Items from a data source
□ □ □

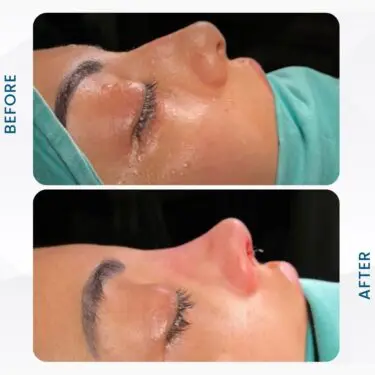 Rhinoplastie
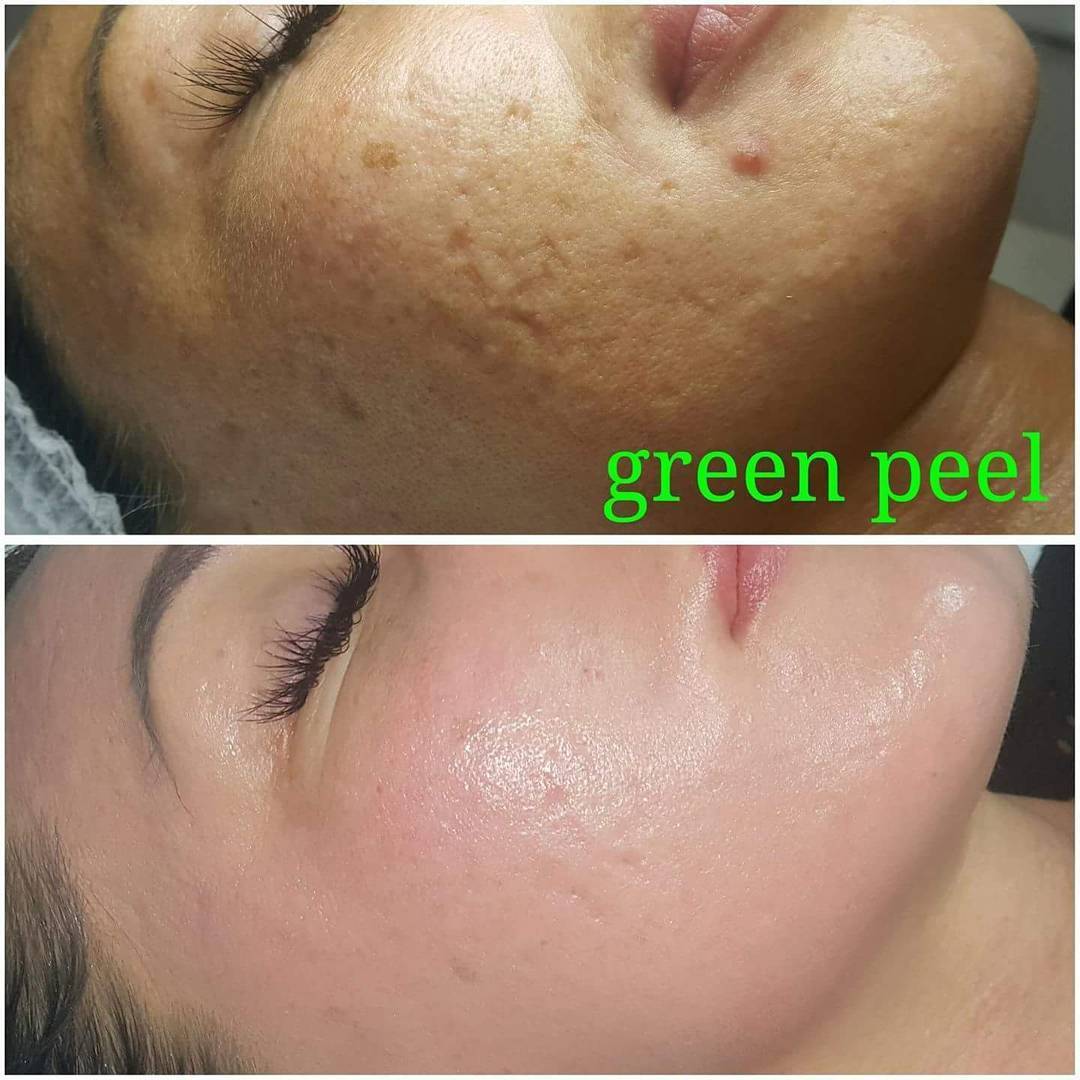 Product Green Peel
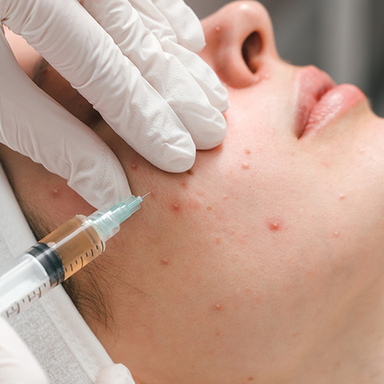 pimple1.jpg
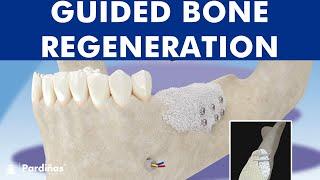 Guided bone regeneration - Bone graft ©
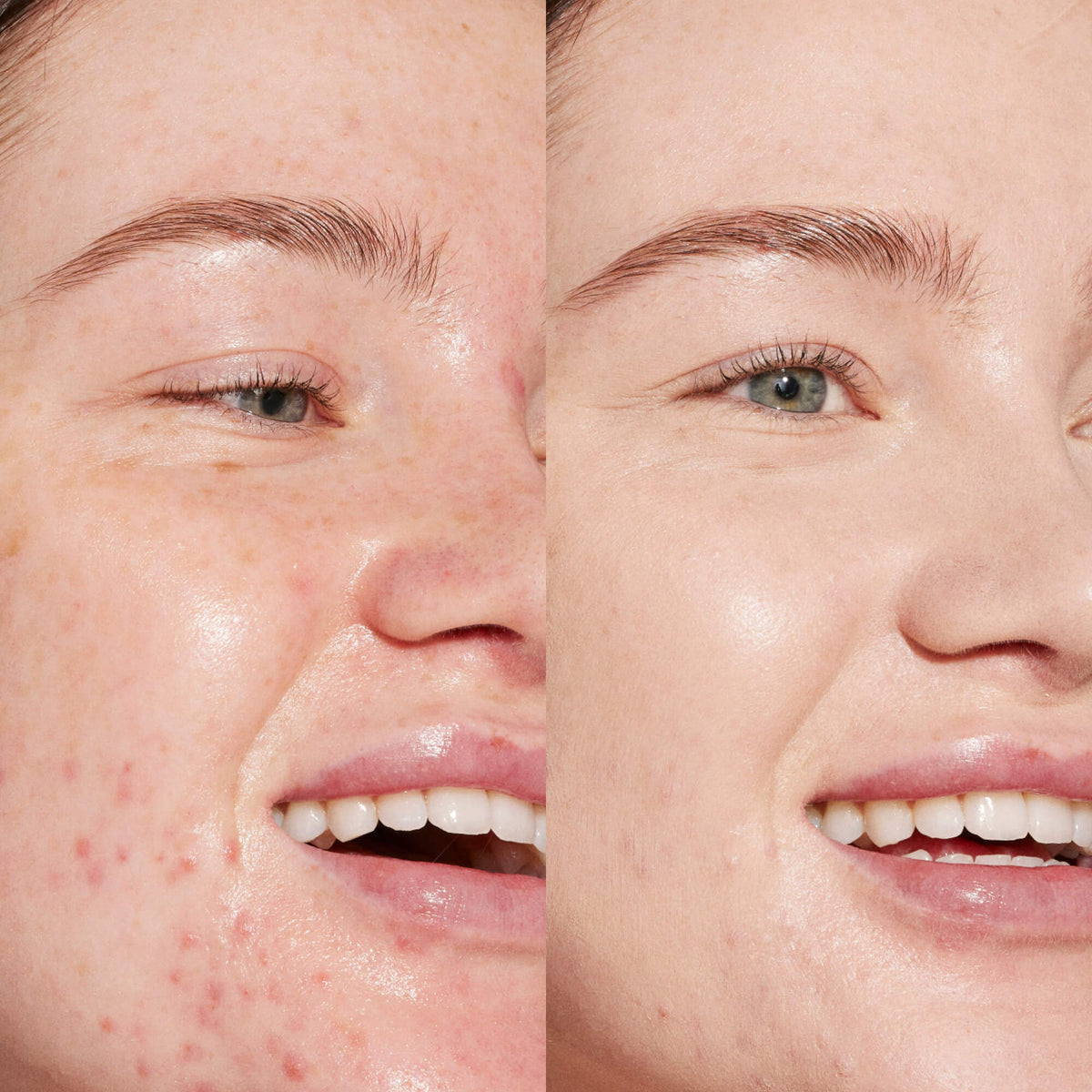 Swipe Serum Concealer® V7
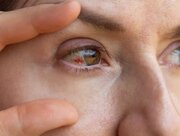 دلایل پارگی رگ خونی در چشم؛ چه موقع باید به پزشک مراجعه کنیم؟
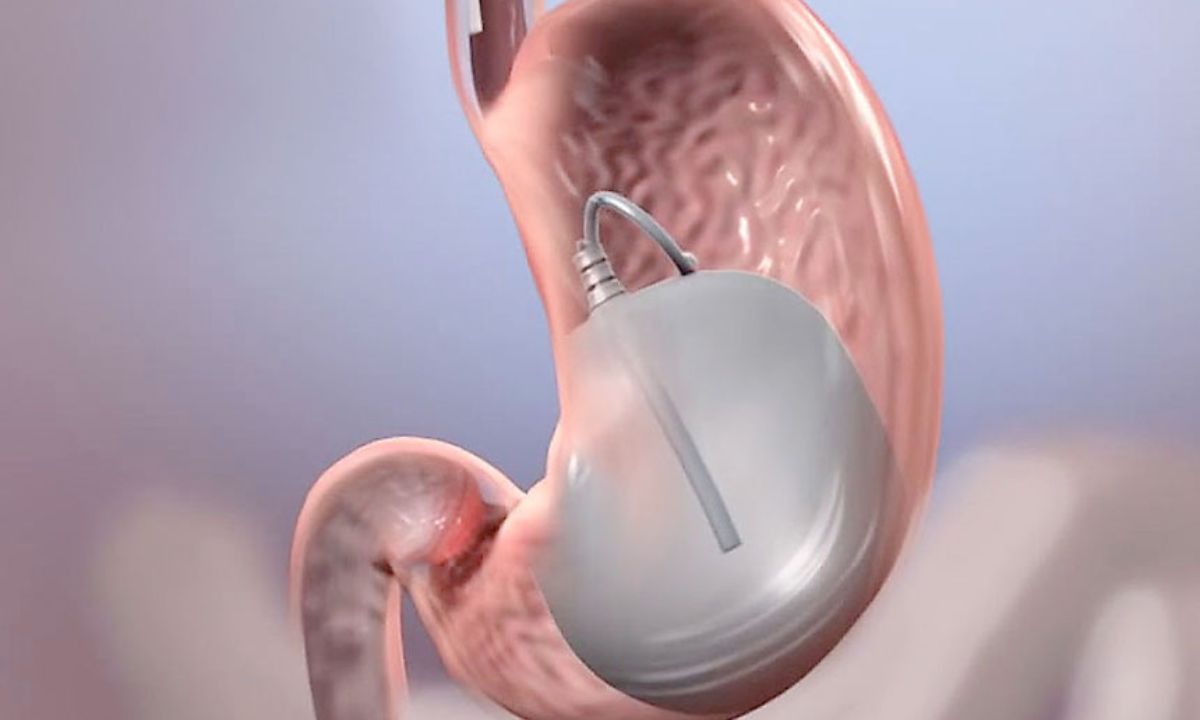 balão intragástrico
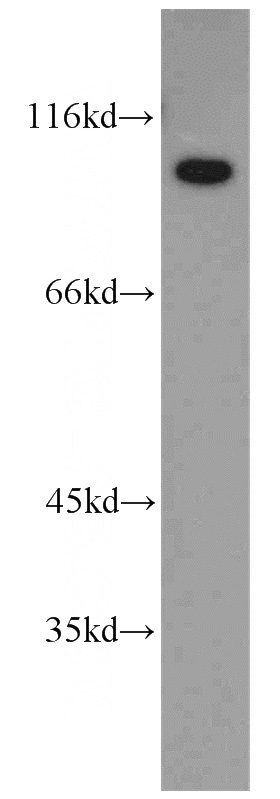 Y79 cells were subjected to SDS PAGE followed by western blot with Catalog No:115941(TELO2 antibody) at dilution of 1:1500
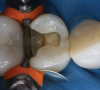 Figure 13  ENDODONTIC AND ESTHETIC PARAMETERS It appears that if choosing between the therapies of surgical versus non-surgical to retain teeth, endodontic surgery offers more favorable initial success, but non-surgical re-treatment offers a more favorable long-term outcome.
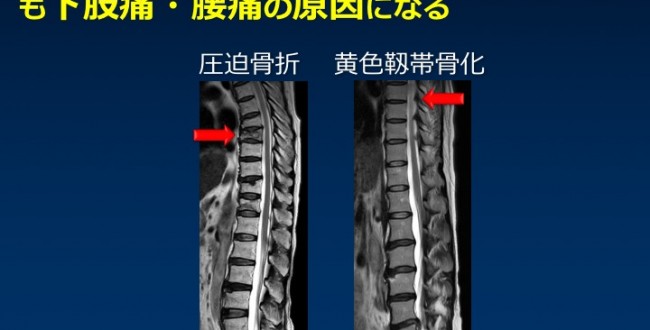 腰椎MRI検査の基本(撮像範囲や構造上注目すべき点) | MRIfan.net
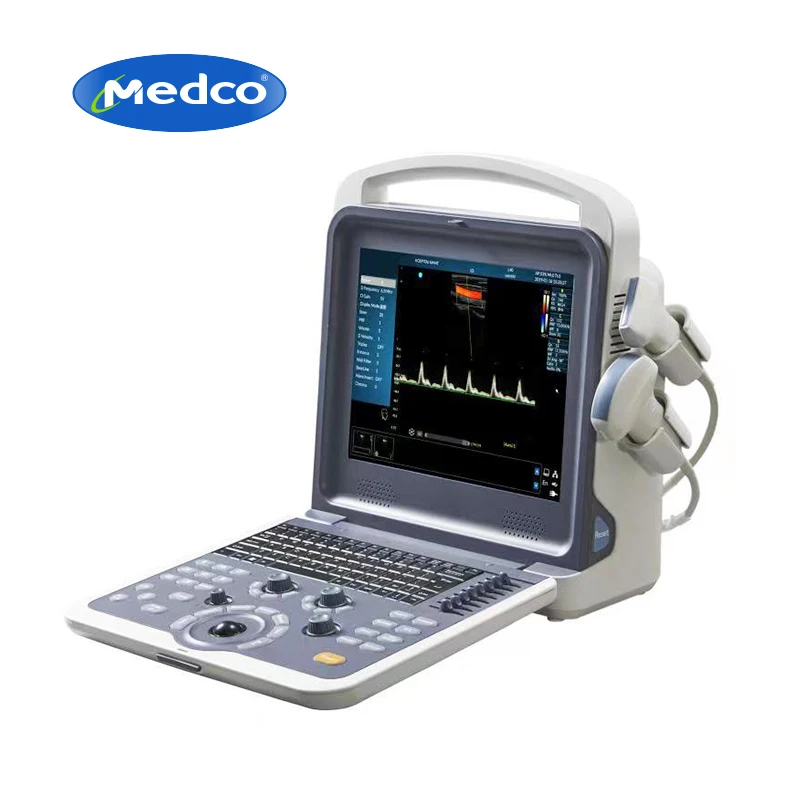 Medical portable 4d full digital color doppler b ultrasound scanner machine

□ □ □

In the copy, include every line of the records exactly and none of the images.

Your solution:
 Rhinoplastie
 Product Green Peel
 pimple1.jpg
 Guided bone regeneration - Bone graft ©
 Swipe Serum Concealer® V7
 دلایل پارگی رگ خونی در چشم؛ چه موقع باید به پزشک مراجعه کنیم؟
 balão intragástrico
 Y79 cells were subjected to SDS PAGE followed by western blot with Catalog No:115941(TELO2 antibody) at dilution of 1:1500
 Figure 13  ENDODONTIC AND ESTHETIC PARAMETERS It appears that if choosing between the therapies of surgical versus non-surgical to retain teeth, endodontic surgery offers more favorable initial success, but non-surgical re-treatment offers a more favorable long-term outcome.
 腰椎MRI検査の基本(撮像範囲や構造上注目すべき点) | MRIfan.net
 Medical portable 4d full digital color doppler b ultrasound scanner machine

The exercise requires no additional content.